Seven drivers fined every day for speeding on Kingsway

Shock new figures have revealed drivers are being caught speeding on Dundee’s Kingsway at the rate of almost seven a day.

And a Tele investigation has found one motorist was clocked at a staggering 88mph on a 40mph stretch of the busy route.

Statistics obtained via freedom of information requests show 6.9 penalty notices were issued on average each day between April and June — 633 in all.

More fines are being imposed on a daily basis compared with previous years. The daily average in 2017-18 was 5.5 and in 2016-17 it was 4.5.

The minimum punishment for drivers is a £100 fine and three penalty points — meaning fines totalling at least £645,000 have been imposed since 2016.

The worst offenders are reported to the procurator fiscal and face more severe punishment in court if convicted.

Almost nine in 10 of the fines issued in the last three years by the North Safety Camera Unit on the Kingsway between the Swallow Roundabout and Forfar Road were for offences in 40mph zones.

Unit manager Arron Duncan said persistent offending on the road remained “too high”.

He said: “The North Safety Camera Unit continues to deploy on this section of the Kingsway on a regular basis in line with our normal operating strategy.

“As a consequence of this, the number of offences per hour of enforcement time has in the main seen a gradual reduction over time on the six enforcement locations on this stretch of road, but the figure is still too high.”

Drivers are more likely to exceed the limit by a greater degree in the slower areas of the dual carriageway – and the 40mph stretches are the areas of “greatest risk” for road users.

In the first three months of 2018-19, one driver was caught at 88mph. A peak speed of 99mph was recorded in 2016-17.

Works are currently under way to add pedestrian crossings to a stretch of the Kingsway between Old Glamis Road and Forfar Road.

Mr Duncan said: “We will continue to deploy, primarily within the 40mph sections, on a regular basis until the motoring public improve their driving behaviour.

“Some of the speeds recorded are ridiculously high and extremely dangerous and show total disregard for anyone else using the road.

“Such offenders are obviously reported direct for prosecution and will be severely dealt with by the courts when convicted.

“Travelling at speeds in excess of the legal limit is either a conscious decision by the driver, ignorance or a lack of attention .

“(These are all) equally dangerous not just to that person but to all road users and this is unacceptable no matter how much over the speed limit a driver is travelling.

“The reduction in inevitable collisions and casualties is the primary objective of the North Safety Camera Unit and we remain committed to that task for the benefit of all road users and the wider community.”

Motoring organisation the RAC said more cameras could stop speeders in their tracks.

Spokesman Rod Dennis said: “Given some of the speeds recorded on this road, there does appear to be a problem with some drivers going dangerously fast.

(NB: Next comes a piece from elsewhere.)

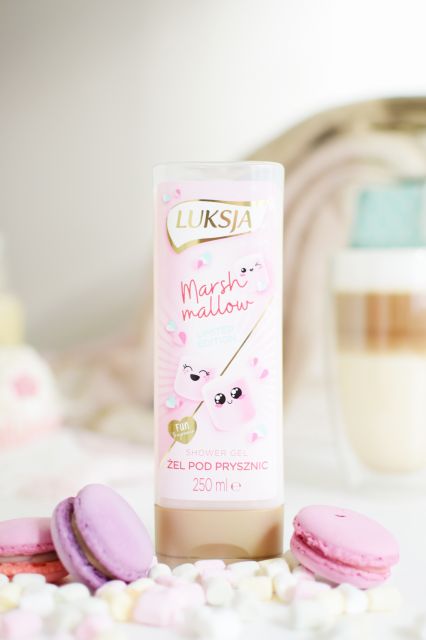 Luksja Żel pod prysznic, Limited Edition, Marshmallow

“The answer is more enforcement, which wouldn’t cause law-abiding drivers any problems but might be enough to make those intent on driving recklessly stop and think.

“Budgets allowing, there are a few different options.

“The introduction of fixed speed cameras on this stretch, more regular mobile camera enforcement, or average-speed cameras – such as the ones currently in use along the A9 – which are probably most effective at keeping overall speeds down.”